The range runs from the line containing "Fiesta Mexikanska banderoller" to the last line of the entries. Copy that range exactly, omitting pictures.

- **SUPPLIED DATA**:
□ □ □ □

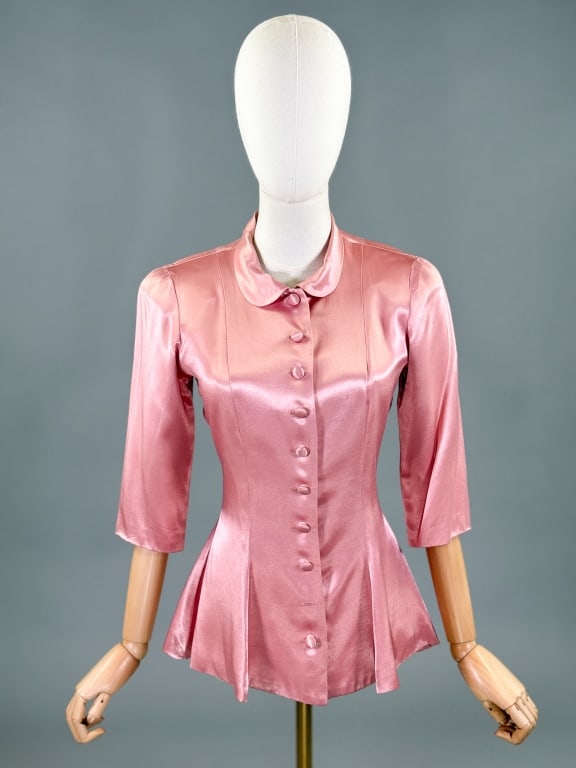 Vintage 1940s Pink Satin Button Front Blouse Top (1 of 11)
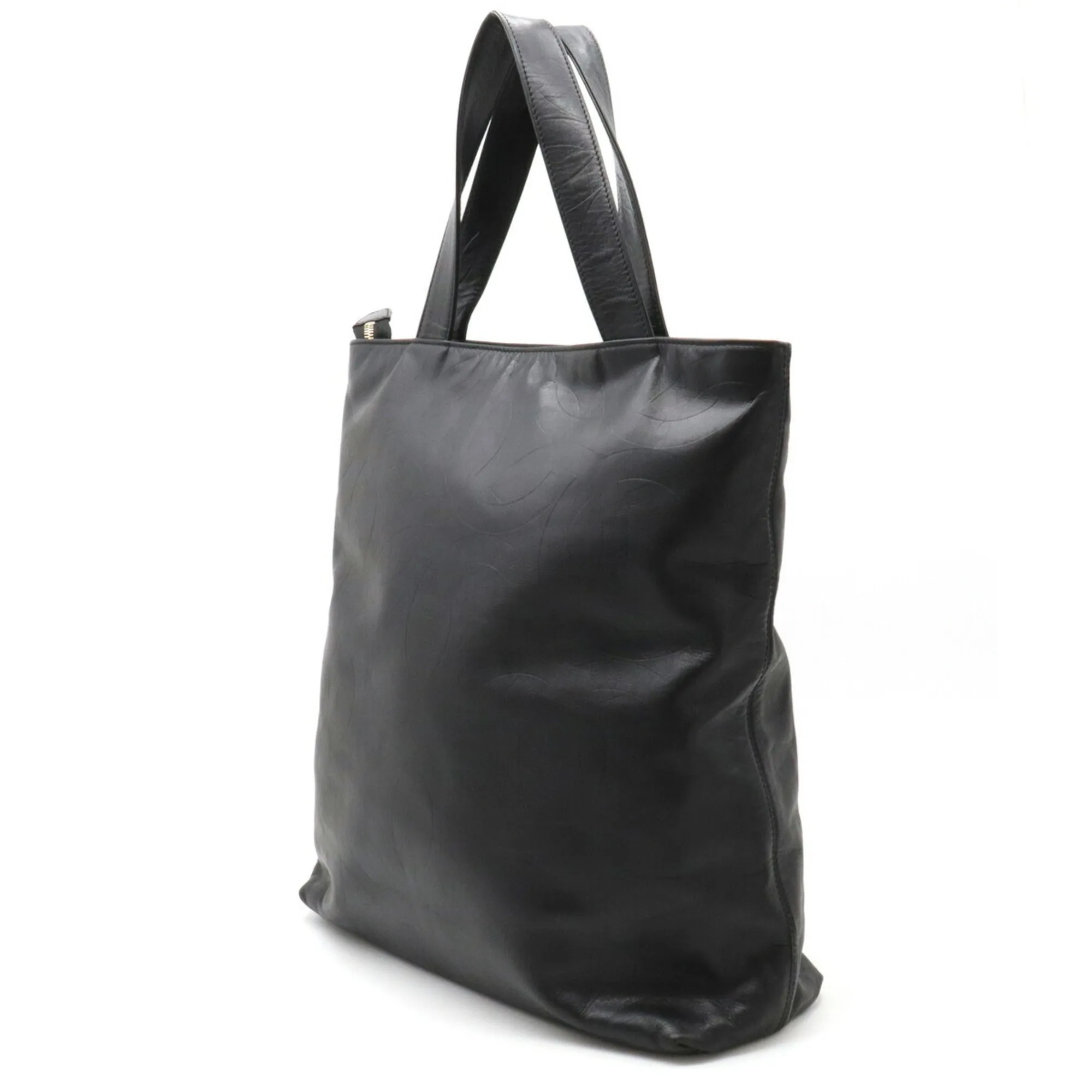 CHANEL here mark type push tote bag large shoulder leather black
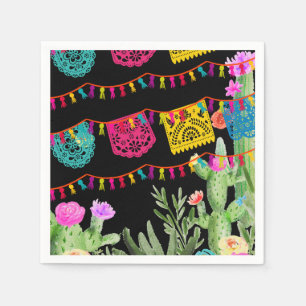 Fiesta Mexikanska banderoller Blommig Kaktus Serve Pappersservett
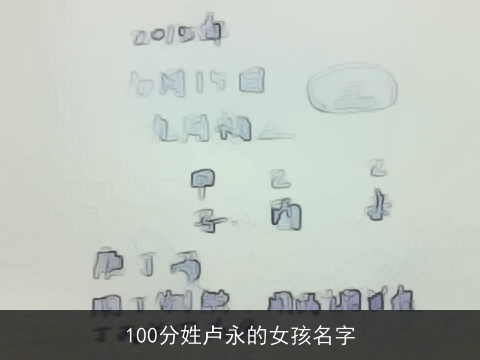 100分姓卢永的女孩名字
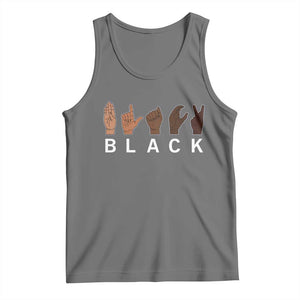 Black Asl Sign Language Hands Signs African American Month Tank Top TS11 Black Heather Print Your Wear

□ □ □ □

- **EXPECTED ANSWER**:
 Fiesta Mexikanska banderoller Blommig Kaktus Serve Pappersservett
 100分姓卢永的女孩名字
 Black Asl Sign Language Hands Signs African American Month Tank Top TS11 Black Heather Print Your Wear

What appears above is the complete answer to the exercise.